1. Do not countersink the holes. Use a countersink tool to de-burr just the edges of the holes. A file is not the right tool for this as it can remove material that is proud of the surface, but will not remove the burr that is inside the hole. Do not attempt to drift the alignment pins in further with a hammer and a punch. A hammer should be your last tool, not your first. Look at the photographs: the holes are round, they just have a burr at the surface.

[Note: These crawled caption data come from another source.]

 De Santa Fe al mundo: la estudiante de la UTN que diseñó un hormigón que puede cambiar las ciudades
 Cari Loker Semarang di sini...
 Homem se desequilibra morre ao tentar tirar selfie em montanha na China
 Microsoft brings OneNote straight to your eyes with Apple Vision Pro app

2. If you powder coat a bore riding bullet and it will not chamber, this is a diameter problem, not a length problem. Determining the maximum COAL is great, but your not going to be able to do that if the cartridge can't even chamber. Ideally the section of a bore rider between the driving bands and the ojive is right around .300" (for a 30 caliber bullet) The lands of the barrel are at .300" inside diameter. If you powder coat the bullet and it increases that long nose section to .302" diameter you're not going to be able to push that into a .300" diameter tube. If you try solving that problem by seating the bullet deeper into the case you might end up with just a tiny section of the forward driving band ahead of the case shoulder, with an air gap all the way around the nose of the bullet and the neck of the case. There are lots of other reasons why trying to fix a fat nose on a bore riding bullet by seating it deeper is a bad idea: too easy to push the bullet completely inside the case while chambering (which will generate a bore obstruction), Massive gas blow by and gas cutting when fired because the nose section does not seal the chamber lead, the bullet will enter the barrel crooked because the nose is not holding it in alignment when it is fired, etc.
When you have a fat nose bullet, adjusting the bullet depth so that it will fit the chamber works good on spitzer, Loverin, and flat nose designs. It does not always work good on bore riding designs because you would have to seat the bullet very deeply. The reason that I suggested that Wolfdog make up a dummy round at the normal seating depth is to see if his powder coated bullets will chamber. If they do chamber he can adjust the COAL for best performance, and all is good. If the cartridge will not chamber at all, adjusting the seating depth is not the answer: having the bullet nose at the proper diameter is.